Я продолжал ежедневно отрабатывать удары, которым меня научил Василь – но уже не потому, что готовился к армии, а потому, что это стало частью моей жизни. Чем больше я тренировал тело, тем лучше были продвижения в деле памяти. Кислород входил в самые закрытые участки тела, пробуждая воспоминания, что прятались, склеенные, в тесных щелях моего времени.
3
Порой говорят: всегда все бывает в первый раз. На минуту остановитесь. Вслушайтесь в эту фразу. Она – про посвящение в неизвестное, которое и есть суть бытия, опыт опытов.
Случай с клеенкой тоже был посвящением, первым опытом в своем роде. На каком-то глубинном уровне еще тогда я ощутил – у вещей есть оборотная сторона, таинственная и страшная. Но раз она такая беспокоящая, лучше ее не замечать. Так я запретил себе смотреть на вещи по-иному. Припомнив это, с позиции себя теперешнего я видел себя-«до» и себя-«после» этого решения. Наши решения – это своего рода магия. Ведь как еще назвать то, что способно изменять мир? До момента, пока клеенка не напугала меня до полусмерти, я не был связан никакими обещаниями. Я мог без слов разговаривать с камнями – и они отвечали мне. Я знал тайну и видел свет.
После того как я (пусть и мало понимая, что делаю) дал обещание больше никогда не видеть «бабаек», их просто не стало. Я забыл об их существовании и, главное, забыл о самом обещании.

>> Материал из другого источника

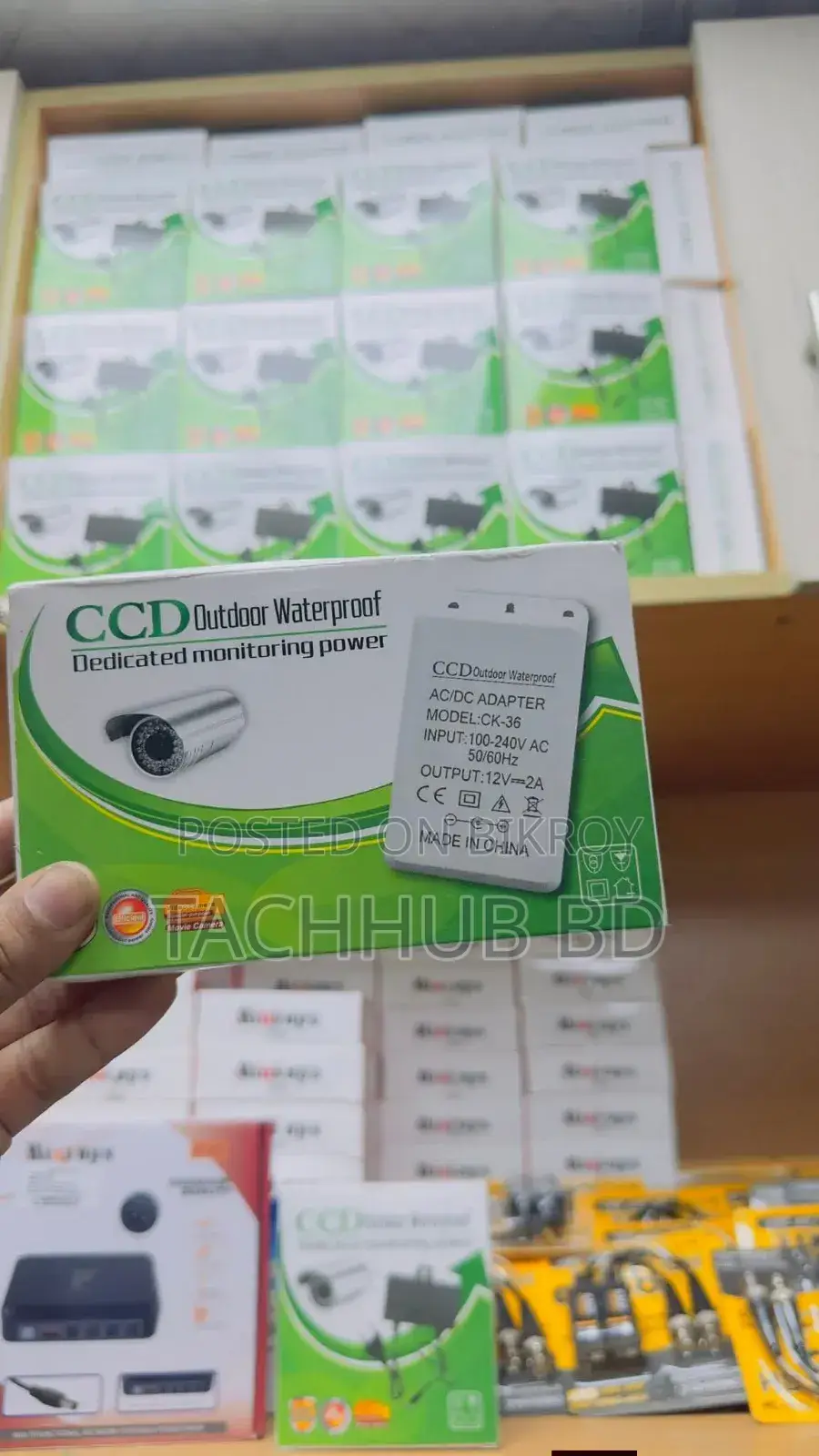 Cctv Camera Power Supply Outdoor Box Adopter 12v-2a And Video Balloon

К слову, немало моих друзей в том же возрасте вот точно так же рассказывали, будто видели «черта». Некоторые при этом так пугались, что бабушкам приходилось водить их к ворожеям, чтобы их выкатали яйцом. А еще вспомнился наш лагерь «взрослых» – тех четырехлетних пацанят с нашей улицы, которые уже отреклись от иного, темного зрения, – и лагерь «маленьких», которые продолжали бояться подвалов, рассказывали, как видели «духов» или встречали во сне львиноголовых ангелов с изумрудными глазами. На уровне эмоций, а не слов, на уровне чувства, а не понимания каждый должен был принять личное решение, войти ли в компанию «незрячих», зато «взрослых». Это решение так и формулировалось: «хочу не видеть». Но мы об этом забыли.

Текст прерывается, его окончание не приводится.